Truth in a Structure
The core semantic notions in first order logic, notably that of satisfaction of a set of formulae by an interpretation, structure or model, are sometimes attributed to Alfred Tarski. However, though Tarski undoubtedly played a key role in the establishment of model theory, its not so clear whether this key concept is properly attributable to him.
The Feferman's on Tarski on Truth
What they said

In their biography of Alfred Tarski, Anita and Solomon Feferman observe that Tarki's theory of "truth" comes in two flavours. The first, published in Polish in 1933 and later translated, was directed toward philosophical audiences, and talks about defining truth in some language using an appropriate metalanguage. The second was not published until the late 1950's and was directed primarily to a logical audience. This is concerned with the relative notion of truth in a structure, the starting point for the subject of model theory.

The Feferman's claim that Tarski had already "arrived at" this latter notion by 1930.

Some Doubts

Now I find this puzzling, for in 1930 Gödel completed his doctoral dissertation, published later that year under the title "The Completeness of the axioms of the functional calculus of logic", which proved, in modern parlance, the completeness of first order logic. The notions of validity and satisfaction used in but not introduced by this work were not materially distinct from the notion which Tarski is said to have "arrived at" by 1930, but they were not then novel. Gödel refers the reader to Hilbert and Ackerman, 1928, but the essential ideas go back considerably further than that.

For example, in 1915, Löwenheim published a paper "On possibilities in the calculus of relatives" which Van Heijenoort describes thus:

Löwenheim's paper deals with problems connected with validity, in different domains, of formulas of the first order predicate calculus...

Well, strictly speaking this isn't accurate, since it really isn't about the first order predicate calculus, it is as its title suggests about the calculus of relations. However, the difference is largely cosmetic.

In his introductory definitions Löwenheim uses but does not consider it necessary to explain the notion of satisfaction.

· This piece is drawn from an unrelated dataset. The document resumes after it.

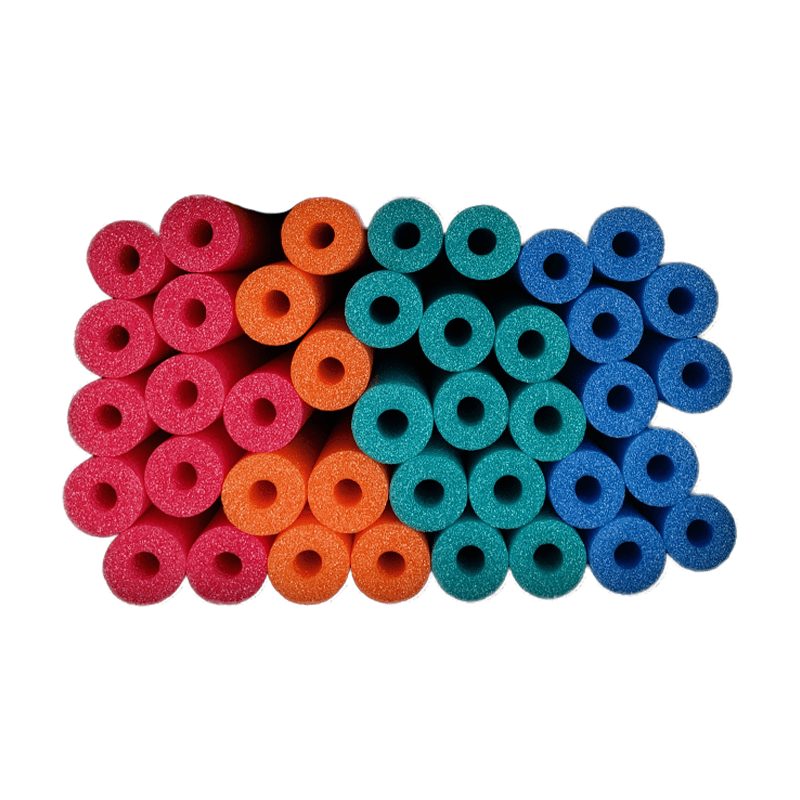 Pool Noodle - Tundra Assorted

The concept corresponding to a valid first order sentence he introduces under the name "identical equation" which he does not find it necessary to define or describe (though his intention is clear in context).

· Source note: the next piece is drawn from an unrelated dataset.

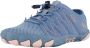 Dockers by Gerli Barefootschoenen sneaker slipper vrijetijdsschoen met comfortabel voorvoetgebied - Thumbnail 3
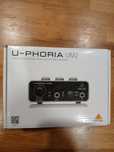 Sprzedam U - Phoria UM2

Here my familiarity with the literature, such as it is, peters out. It appears that the notions of satisfaction in a structure, and validity, gradually evolved along with the evolution of logical languages toward our modern conception of first order logic. The differences along the route from first order expressions in the relational calculus to the present day conception of first order logic, are almost entirely notational, and no substantive changes have therefore been necessary in the underlying semantic concepts.

So what is it that we are to suppose Tarski arrived at by 1930?


There is some interesting historical material relevent to this in Richard Zach's doctoral dissertation and in material which he wrote with others for a new history of modern logic, both available from his web page.